Vinx would say it was none of her business. But Lance would be a help. She was counting on him to readjust the scales. Thank goodness for Lance—giving up the Lahore 'week' and the Polo Tournament to spend Christmas with her and Roy in the wilds of Rajputana. Just to have him about the place again—his music, his big laugh, his radiant certainty that, in any and every circumstance, it was a splendid thing to be alive—would banish worries and lift her spirits sky-high. After the still, deep waters of her beloved Vinx—whose strain of remoteness had not been quite dispelled by marriage—and the starlit mysteries of Arúna and the intriguing complexities of Roy, a breath of Lance would be tonic as a breeze from the Hills. He was so clear and sure; not in flashes and spurts, but continuously, like sunshine; because the clearness and sureness had his whole personality behind them. And he could be counted on to deal faithfully with Roy; perhaps lure him back to the Punjab. It would be sad losing him; but in the distracting circumstances, a clean cut seemed the only solution. She would just put in a word to that effect: a weakness she had rarely been known to resist, however complete her faith in the man of the moment.

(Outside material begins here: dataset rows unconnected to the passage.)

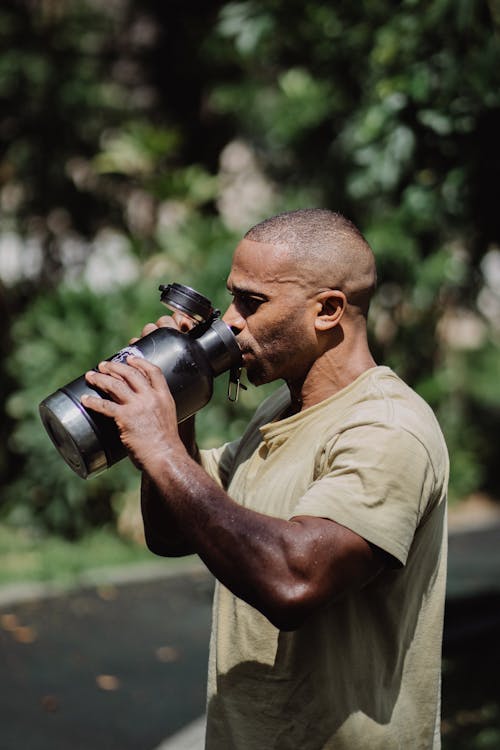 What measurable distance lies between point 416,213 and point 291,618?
339 cm

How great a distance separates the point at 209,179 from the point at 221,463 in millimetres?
8402

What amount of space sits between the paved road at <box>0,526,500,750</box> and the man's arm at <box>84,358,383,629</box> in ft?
Result: 11.1

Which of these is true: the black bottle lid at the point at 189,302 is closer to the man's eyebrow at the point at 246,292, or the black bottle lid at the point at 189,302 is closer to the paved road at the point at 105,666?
the man's eyebrow at the point at 246,292

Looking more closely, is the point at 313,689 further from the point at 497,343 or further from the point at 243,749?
the point at 497,343

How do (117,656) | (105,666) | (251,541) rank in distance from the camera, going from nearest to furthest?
(251,541) < (105,666) < (117,656)

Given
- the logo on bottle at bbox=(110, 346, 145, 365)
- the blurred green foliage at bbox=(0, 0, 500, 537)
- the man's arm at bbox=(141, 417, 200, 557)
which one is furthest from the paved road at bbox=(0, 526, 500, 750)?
the logo on bottle at bbox=(110, 346, 145, 365)

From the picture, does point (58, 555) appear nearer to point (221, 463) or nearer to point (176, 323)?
point (221, 463)

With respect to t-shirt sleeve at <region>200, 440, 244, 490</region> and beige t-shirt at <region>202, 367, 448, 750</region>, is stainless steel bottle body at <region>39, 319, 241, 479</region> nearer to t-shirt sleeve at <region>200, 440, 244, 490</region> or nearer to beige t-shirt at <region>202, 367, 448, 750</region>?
beige t-shirt at <region>202, 367, 448, 750</region>

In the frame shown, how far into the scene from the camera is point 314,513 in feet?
6.04

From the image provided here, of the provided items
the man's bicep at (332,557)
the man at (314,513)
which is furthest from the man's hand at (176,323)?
the man's bicep at (332,557)

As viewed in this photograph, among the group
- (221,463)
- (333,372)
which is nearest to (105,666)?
(221,463)

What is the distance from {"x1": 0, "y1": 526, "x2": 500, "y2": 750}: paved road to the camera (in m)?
5.23

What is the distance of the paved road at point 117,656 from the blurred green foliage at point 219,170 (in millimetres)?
1734

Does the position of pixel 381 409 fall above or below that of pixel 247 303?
below
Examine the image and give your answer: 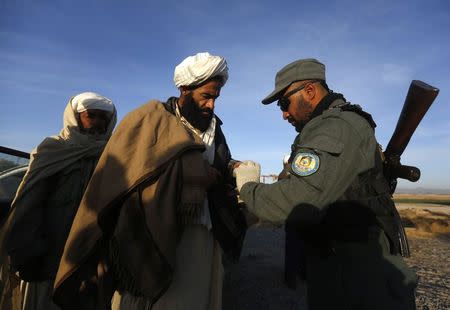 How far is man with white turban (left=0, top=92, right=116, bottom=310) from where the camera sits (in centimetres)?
219

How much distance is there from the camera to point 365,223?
1.73 meters

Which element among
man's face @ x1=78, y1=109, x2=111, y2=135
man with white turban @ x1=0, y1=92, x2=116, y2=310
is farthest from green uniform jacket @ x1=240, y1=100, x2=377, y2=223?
man's face @ x1=78, y1=109, x2=111, y2=135

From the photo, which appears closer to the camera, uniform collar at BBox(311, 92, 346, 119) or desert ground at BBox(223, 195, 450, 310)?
uniform collar at BBox(311, 92, 346, 119)

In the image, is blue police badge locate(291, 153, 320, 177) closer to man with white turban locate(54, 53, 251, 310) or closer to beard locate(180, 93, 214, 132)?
man with white turban locate(54, 53, 251, 310)

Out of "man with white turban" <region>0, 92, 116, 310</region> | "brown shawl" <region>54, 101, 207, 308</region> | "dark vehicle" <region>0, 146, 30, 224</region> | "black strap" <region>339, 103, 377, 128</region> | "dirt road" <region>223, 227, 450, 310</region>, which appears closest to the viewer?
"brown shawl" <region>54, 101, 207, 308</region>

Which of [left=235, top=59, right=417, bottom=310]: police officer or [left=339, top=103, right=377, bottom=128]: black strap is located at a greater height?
[left=339, top=103, right=377, bottom=128]: black strap

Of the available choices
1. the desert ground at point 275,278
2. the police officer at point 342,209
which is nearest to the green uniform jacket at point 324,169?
the police officer at point 342,209

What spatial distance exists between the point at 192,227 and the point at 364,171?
990 millimetres

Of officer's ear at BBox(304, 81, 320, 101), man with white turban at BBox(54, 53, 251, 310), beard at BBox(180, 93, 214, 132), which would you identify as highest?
officer's ear at BBox(304, 81, 320, 101)

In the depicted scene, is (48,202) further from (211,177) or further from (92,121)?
(211,177)

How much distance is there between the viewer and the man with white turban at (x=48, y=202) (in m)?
2.19

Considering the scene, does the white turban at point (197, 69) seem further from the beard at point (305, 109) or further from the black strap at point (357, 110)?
the black strap at point (357, 110)

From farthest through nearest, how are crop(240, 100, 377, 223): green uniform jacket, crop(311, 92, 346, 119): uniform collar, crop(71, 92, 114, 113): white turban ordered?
crop(71, 92, 114, 113): white turban < crop(311, 92, 346, 119): uniform collar < crop(240, 100, 377, 223): green uniform jacket

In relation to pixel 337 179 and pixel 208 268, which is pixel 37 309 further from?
pixel 337 179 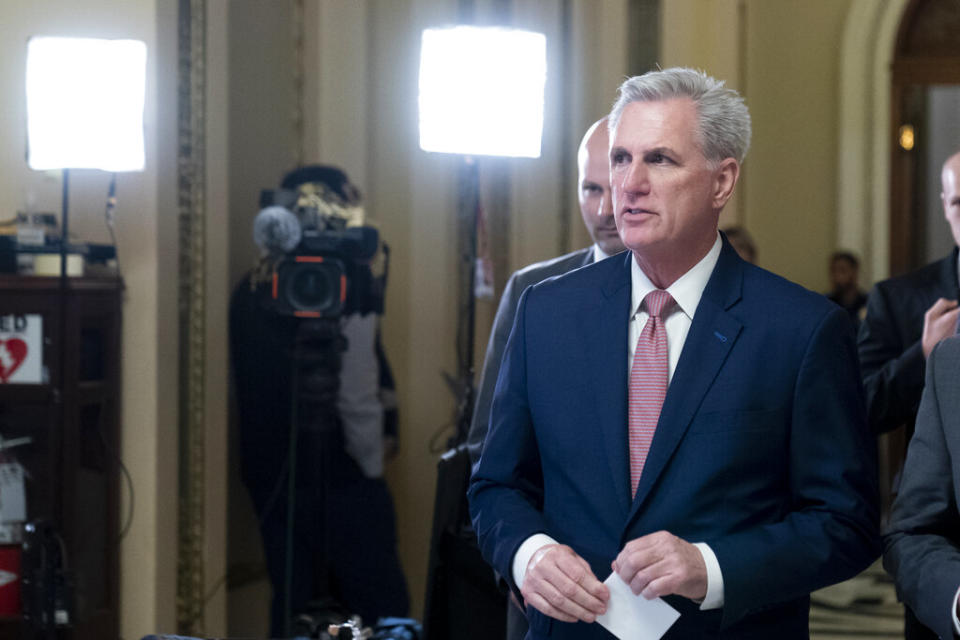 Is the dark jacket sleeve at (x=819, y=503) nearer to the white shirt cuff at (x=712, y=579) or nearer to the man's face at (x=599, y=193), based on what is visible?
the white shirt cuff at (x=712, y=579)

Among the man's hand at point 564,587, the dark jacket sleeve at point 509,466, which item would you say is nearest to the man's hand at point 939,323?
the dark jacket sleeve at point 509,466

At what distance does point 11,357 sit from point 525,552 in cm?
188

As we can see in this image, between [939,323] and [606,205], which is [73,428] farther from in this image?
[939,323]

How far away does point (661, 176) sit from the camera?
1468mm

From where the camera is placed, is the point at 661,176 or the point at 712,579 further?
the point at 661,176

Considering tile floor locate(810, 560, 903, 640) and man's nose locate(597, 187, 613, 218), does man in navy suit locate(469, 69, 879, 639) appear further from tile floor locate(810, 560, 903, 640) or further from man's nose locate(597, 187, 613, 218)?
tile floor locate(810, 560, 903, 640)

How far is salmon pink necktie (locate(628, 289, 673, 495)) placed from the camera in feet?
4.86

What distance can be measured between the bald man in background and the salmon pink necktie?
657 mm

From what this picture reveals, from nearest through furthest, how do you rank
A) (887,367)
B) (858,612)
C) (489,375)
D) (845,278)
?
(489,375) < (887,367) < (858,612) < (845,278)

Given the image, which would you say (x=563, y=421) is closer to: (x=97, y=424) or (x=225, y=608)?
(x=97, y=424)

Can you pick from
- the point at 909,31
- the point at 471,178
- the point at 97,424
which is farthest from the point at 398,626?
the point at 909,31

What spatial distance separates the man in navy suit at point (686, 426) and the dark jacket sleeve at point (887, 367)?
3.08 ft

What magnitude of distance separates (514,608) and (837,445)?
776 millimetres

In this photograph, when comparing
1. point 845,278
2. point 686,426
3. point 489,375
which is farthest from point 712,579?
point 845,278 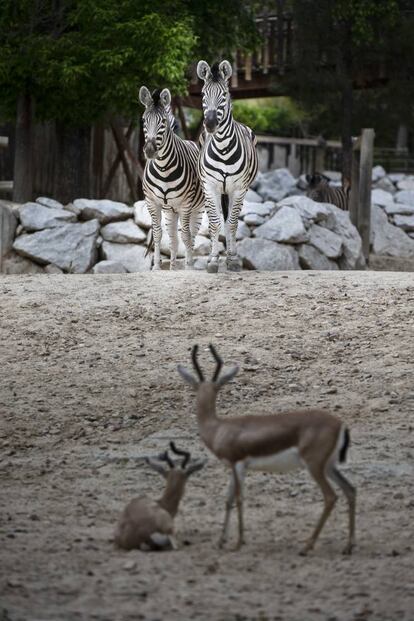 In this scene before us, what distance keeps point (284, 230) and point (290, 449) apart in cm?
1104

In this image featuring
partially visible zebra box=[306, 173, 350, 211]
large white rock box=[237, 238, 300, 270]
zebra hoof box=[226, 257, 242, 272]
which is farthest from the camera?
partially visible zebra box=[306, 173, 350, 211]

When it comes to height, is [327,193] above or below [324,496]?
above

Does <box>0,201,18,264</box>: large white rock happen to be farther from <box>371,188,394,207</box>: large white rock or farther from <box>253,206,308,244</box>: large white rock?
<box>371,188,394,207</box>: large white rock

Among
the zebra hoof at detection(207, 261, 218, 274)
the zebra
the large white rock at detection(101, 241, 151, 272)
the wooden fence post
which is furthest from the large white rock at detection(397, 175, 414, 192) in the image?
the zebra hoof at detection(207, 261, 218, 274)

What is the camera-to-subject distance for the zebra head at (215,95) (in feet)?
43.3

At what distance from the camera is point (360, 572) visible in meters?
5.55

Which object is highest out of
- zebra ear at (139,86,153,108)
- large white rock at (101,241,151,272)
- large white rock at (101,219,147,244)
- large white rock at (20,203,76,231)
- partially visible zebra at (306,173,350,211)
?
zebra ear at (139,86,153,108)

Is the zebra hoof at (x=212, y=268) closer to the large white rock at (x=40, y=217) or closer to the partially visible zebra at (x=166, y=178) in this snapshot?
the partially visible zebra at (x=166, y=178)

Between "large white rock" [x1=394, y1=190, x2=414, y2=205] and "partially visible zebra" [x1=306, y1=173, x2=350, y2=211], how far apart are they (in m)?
2.50

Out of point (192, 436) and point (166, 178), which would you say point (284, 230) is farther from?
point (192, 436)

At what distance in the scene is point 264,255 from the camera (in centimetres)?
1623

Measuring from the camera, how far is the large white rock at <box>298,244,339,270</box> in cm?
1675

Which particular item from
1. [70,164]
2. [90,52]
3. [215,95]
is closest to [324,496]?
[215,95]

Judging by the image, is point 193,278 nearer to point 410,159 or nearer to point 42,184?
point 42,184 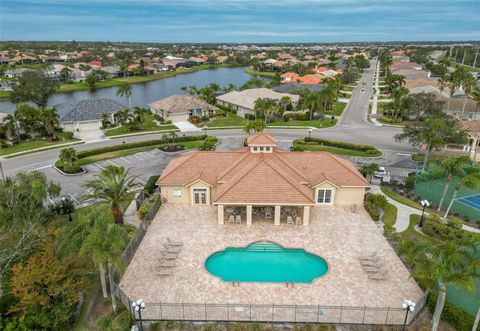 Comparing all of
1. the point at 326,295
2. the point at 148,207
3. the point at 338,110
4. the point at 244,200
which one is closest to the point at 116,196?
the point at 148,207

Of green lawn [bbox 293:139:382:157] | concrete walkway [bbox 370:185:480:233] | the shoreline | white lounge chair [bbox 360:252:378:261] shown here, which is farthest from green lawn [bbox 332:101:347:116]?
the shoreline

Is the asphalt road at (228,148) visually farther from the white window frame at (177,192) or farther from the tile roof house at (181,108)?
the tile roof house at (181,108)

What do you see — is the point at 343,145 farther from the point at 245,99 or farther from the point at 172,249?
the point at 172,249

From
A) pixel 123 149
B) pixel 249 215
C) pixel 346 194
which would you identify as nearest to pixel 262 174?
pixel 249 215

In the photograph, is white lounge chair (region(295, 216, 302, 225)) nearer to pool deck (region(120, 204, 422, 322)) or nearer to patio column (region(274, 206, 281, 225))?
pool deck (region(120, 204, 422, 322))

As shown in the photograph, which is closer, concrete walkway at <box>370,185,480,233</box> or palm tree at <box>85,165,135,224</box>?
palm tree at <box>85,165,135,224</box>

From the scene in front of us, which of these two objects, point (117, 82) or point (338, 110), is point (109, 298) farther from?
point (117, 82) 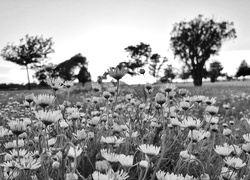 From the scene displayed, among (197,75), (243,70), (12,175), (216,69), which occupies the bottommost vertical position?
(12,175)

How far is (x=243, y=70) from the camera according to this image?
82500 millimetres

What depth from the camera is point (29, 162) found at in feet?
3.73

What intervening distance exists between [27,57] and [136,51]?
2206 cm

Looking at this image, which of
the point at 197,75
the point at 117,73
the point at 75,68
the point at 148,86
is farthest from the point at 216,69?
the point at 117,73

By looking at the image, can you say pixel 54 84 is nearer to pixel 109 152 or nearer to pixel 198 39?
pixel 109 152

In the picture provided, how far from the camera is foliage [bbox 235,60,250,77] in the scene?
82188 millimetres

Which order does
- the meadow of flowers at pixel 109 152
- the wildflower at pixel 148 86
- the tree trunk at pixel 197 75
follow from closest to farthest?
the meadow of flowers at pixel 109 152, the wildflower at pixel 148 86, the tree trunk at pixel 197 75

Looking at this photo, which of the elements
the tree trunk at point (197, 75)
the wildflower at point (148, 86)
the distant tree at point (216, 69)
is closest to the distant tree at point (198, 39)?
the tree trunk at point (197, 75)

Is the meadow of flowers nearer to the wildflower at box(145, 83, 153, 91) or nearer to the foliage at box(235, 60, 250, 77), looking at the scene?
the wildflower at box(145, 83, 153, 91)

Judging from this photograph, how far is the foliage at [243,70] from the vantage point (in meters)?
82.2

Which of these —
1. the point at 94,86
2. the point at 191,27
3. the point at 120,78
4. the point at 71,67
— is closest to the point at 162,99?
the point at 120,78

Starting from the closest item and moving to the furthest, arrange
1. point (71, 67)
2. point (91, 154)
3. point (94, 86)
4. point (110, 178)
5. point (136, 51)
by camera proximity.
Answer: point (110, 178), point (91, 154), point (94, 86), point (71, 67), point (136, 51)

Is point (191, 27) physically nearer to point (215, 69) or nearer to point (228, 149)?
point (228, 149)

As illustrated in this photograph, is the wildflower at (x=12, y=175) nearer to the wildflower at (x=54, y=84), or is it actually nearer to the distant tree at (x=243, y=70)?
the wildflower at (x=54, y=84) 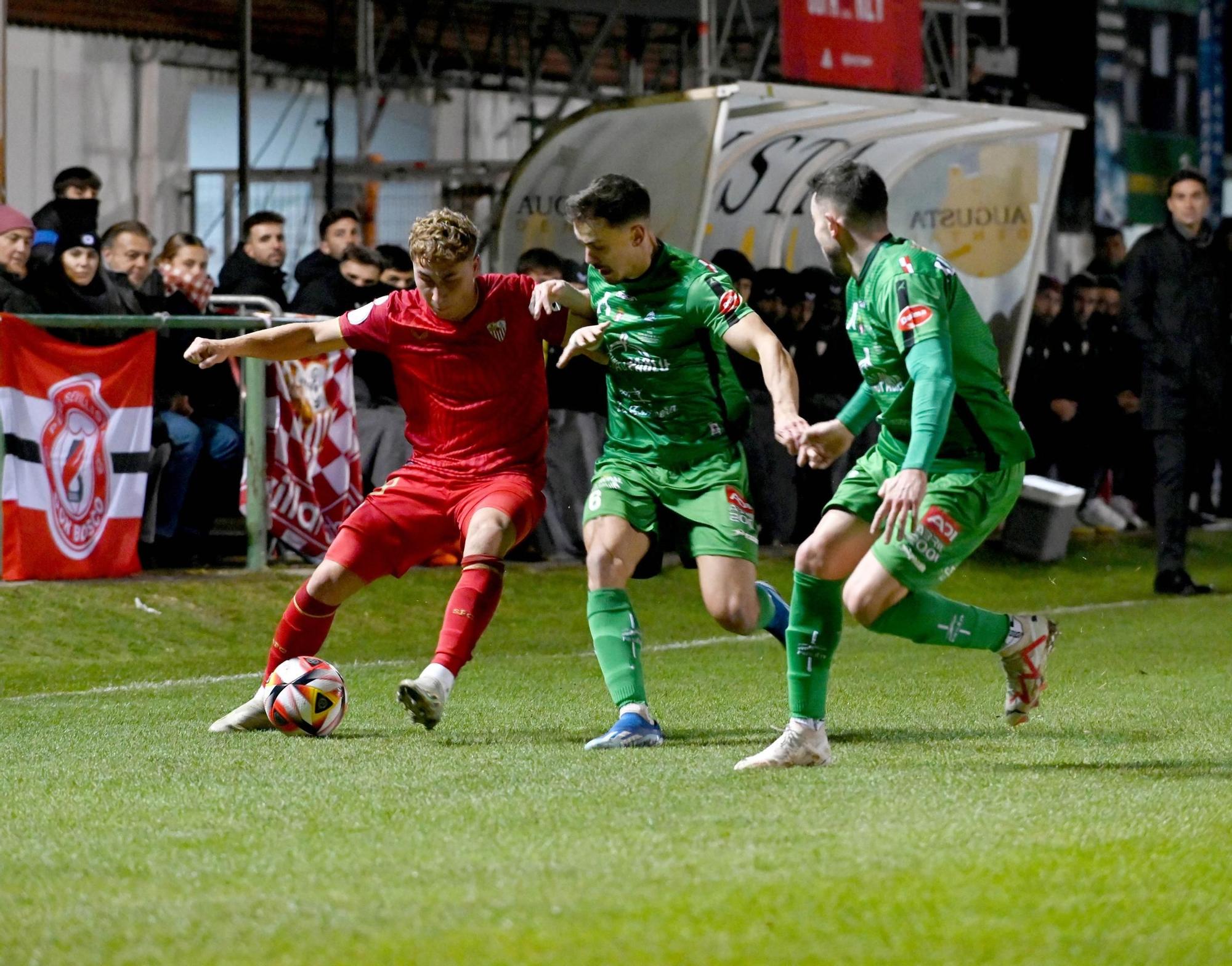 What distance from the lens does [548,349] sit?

She simply dared not think of Arúna, who trusted her. It seemed like betrayal—no less. And yet...?


CHAPTER XIII.

"One made out of the better part of earth,
A man born as at sunrise."
—Swinburne.

It was all over—the strenuous joy of planning and preparing. Christmas itself was over. From the adjacent borders of British India, five lonely ones had been gathered in. There was Mr Mayne, Commissioner of Delhi, Vincent's old friend of Kohat days, unmarried and alone in camp with a stray Settlement Officer, whose wife and children were at Home. There was Mr Bourne—in the Canals—large-boned and cadaverous, with a sardonic gleam in his eye. Rumour said there had once been a wife and a friend; now there remained only work and the whisky bottle; and he was overdoing both. To him Thea devoted herself and her fiddle with particular zest. The other two lonelies—a Mr and Mrs Nair—were medical missionaries, fighting the influenza scourge in the Delhi area; drastically disinfected—because of the babies; more than thankful for a brief respite from their daily diet of tragedy, and from labours Hercules' self would not have disdained. For all that, they had needed a good deal of pressing. They had 'no clothes.' They were very shy. But Thea had insisted; so they came—clothed chiefly in shyness and gratitude, which made them shyer than ever.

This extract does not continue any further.